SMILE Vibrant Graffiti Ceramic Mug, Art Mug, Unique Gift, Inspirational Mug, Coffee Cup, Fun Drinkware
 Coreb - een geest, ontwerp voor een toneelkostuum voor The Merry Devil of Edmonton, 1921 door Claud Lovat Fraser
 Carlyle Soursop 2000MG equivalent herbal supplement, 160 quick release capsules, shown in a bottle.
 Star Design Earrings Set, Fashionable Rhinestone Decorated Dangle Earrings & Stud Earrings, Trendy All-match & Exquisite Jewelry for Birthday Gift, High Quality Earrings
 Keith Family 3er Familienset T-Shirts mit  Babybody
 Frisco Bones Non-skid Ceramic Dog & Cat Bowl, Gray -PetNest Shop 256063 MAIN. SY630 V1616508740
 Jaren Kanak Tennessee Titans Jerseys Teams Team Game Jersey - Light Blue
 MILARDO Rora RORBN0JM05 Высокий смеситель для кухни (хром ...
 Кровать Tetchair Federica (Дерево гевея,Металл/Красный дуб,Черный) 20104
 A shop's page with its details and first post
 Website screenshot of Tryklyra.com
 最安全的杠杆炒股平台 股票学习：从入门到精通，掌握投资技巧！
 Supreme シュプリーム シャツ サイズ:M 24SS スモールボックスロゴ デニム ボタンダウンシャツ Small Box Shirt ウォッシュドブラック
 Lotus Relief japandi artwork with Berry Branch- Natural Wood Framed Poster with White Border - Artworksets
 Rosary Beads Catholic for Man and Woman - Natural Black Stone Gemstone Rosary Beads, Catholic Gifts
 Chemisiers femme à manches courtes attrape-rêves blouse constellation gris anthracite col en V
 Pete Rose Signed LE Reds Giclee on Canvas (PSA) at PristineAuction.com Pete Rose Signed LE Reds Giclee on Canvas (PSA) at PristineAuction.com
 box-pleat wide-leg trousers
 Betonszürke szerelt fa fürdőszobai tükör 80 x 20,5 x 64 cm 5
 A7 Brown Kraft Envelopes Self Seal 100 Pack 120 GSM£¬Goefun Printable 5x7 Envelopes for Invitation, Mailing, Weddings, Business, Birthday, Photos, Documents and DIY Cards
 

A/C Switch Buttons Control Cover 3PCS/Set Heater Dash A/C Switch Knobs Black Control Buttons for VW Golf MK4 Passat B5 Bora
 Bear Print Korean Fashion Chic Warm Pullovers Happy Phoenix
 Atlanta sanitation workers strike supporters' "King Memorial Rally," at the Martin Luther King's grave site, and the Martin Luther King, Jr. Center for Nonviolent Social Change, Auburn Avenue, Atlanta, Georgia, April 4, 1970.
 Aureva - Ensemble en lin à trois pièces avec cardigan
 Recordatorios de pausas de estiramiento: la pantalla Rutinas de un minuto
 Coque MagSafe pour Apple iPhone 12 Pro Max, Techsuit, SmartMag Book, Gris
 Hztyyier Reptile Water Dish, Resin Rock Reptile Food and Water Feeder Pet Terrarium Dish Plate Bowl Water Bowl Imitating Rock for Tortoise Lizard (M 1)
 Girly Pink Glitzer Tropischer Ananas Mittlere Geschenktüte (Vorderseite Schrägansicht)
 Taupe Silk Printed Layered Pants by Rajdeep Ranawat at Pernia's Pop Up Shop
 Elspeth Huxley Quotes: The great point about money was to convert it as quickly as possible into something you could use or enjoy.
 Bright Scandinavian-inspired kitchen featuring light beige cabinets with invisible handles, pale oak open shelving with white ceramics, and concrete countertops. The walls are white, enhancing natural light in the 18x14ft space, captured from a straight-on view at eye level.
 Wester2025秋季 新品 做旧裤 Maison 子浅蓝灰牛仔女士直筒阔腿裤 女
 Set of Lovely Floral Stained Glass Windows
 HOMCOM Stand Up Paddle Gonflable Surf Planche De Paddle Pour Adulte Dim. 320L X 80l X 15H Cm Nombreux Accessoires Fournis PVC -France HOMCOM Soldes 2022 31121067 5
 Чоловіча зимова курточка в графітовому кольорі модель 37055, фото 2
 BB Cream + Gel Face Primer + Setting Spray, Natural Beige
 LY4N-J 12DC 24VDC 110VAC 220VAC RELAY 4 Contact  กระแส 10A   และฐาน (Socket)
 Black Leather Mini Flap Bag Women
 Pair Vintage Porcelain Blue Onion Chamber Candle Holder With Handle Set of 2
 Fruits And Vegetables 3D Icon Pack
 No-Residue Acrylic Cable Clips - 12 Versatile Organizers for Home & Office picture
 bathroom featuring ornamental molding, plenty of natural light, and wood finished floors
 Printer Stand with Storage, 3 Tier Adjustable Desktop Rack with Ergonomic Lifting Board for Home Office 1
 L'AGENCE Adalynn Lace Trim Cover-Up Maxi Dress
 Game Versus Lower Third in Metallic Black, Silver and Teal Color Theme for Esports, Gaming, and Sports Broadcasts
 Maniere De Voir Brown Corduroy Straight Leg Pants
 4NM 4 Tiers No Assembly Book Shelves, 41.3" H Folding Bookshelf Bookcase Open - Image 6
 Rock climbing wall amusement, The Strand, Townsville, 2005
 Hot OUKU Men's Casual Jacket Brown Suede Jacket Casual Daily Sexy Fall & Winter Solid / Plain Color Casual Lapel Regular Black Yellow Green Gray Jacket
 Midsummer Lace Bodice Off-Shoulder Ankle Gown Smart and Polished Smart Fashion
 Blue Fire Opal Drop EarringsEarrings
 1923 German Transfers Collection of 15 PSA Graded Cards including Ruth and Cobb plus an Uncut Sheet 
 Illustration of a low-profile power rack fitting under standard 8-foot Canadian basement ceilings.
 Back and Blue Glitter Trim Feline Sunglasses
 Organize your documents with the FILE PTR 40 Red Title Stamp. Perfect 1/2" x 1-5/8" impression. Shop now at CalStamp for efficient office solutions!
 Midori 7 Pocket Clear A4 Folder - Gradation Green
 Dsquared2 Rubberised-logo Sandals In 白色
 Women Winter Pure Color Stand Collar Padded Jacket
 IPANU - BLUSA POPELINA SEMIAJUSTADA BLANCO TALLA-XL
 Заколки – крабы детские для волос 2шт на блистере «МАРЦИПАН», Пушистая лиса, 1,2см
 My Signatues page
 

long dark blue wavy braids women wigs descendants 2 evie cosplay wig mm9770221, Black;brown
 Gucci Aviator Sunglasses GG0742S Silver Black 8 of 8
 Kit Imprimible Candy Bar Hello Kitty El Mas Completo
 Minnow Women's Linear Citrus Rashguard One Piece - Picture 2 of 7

################

> WHAT TO PRODUCE: Reading through the records above, report each line in which the string "page" is found.

> SOLUTION:
 A shop's page with its details and first post
 My Signatues page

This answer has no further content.